Now this has started a swarm of speculation over Valerie Plame being a possible author of the Niger Documents. This is plausible on two points. 1) She was "in the area of operation). 2) It could be said that she had motive. and 3) This could definitely explain how Joe knew the "Dates were wrong and the names were wrong".

But as I eluded to in my post to TM's article, when I was a active in law enforcement investigations I remember always being drawn to "writings", because they "tell a story", and more important they most often tell on their author.

Again, this excerpt from my previous post:

"Nicolas Kristof quote from his June 13, 2003 OPED:

"Condoleezza Rice was asked on "Meet the Press" on Sunday about a column of mine from May 6 regarding President Bush's reliance on forged documents to claim that Iraq had sought uranium in Africa. That was not just a case of hyping intelligence, but of asserting something that had already been flatly discredited by an envoy investigating at the behest of the office of Vice President Dick Cheney."

Now, in the last two years I have have read thousands of documents related to this case, some of which are "eyes only" and not available for public consumption. Yet I thought I had seen this verbage before. So searched it and viola! In one of the VIPS so-called memorandums to the President is this wording:

"There is just too much evidence that Ambassador Wilson was sent to Niger at the behest of Vice President Cheney’s office, and that Wilson’s findings were duly reported not only to that office but to others as well."

Ok, maybe I'm batty from all the reading, but note that the language, tone, adjectives, verbs, layout of both the Kristof piece and the VIPS memorandum seem as though they both came from the same set of talking points? "Behest"? How many people knew that word before they saw either article?"


Some took me to task on trying to make something out of "behest". Yet I stand my ground on it. It's simply not a word used "out of the air". But leaving that for a second, the point was that much in the May 6th 2003 article follows the 'script" of much of the the propaganda that Ray McGovern and VIPS were putting out at that point. But let's look at Kristof's sourcing for a moment.

We know that Wilson - who incidently was leaking a classified mission - was Kristof's source - . It's important to go back sometimes before we go forward, so let's go back to Vanity Fair article, "Double Exposure":

"In early May (2002), Wilson and Plame attended a conference sponsored by the Senate Democratic Policy Committee, at which Wilson spoke about Iraq; one of the other panelists was the New York Times journalist Nicholas Kristof. Over breakfast the next morning with Kristof and his wife, Wilson told about his trip to Niger and said Kristof could write about it, but not name him."

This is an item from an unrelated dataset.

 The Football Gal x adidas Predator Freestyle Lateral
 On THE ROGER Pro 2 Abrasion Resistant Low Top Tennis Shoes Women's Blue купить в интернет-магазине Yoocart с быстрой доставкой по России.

One wonders if "covert/super-secret agent" Plame was introduced as 'Ms. Wilson' or 'Ms. Plame' or did she just sit back with a scarf and sun glasses. Not only did Kristof meet Plame, but so did his wife. Yet more intriguing is who is Kristof's wife at the breakfast table? Kristof's wife is Sheryl WuDunn, his longime writing partner.

In case you didn't know, Nicholas and Sheryl, won a Pulitzer Prize for their reporting in The New York Times about Tiananmen Square in 1989. It was a marvelous piece of writing.

But that was then, and this was 2002. Just what was she doing at this breakfast with Wilson, Plame and husband Nicholas? What part did she play - if any? More questions and dots to connect.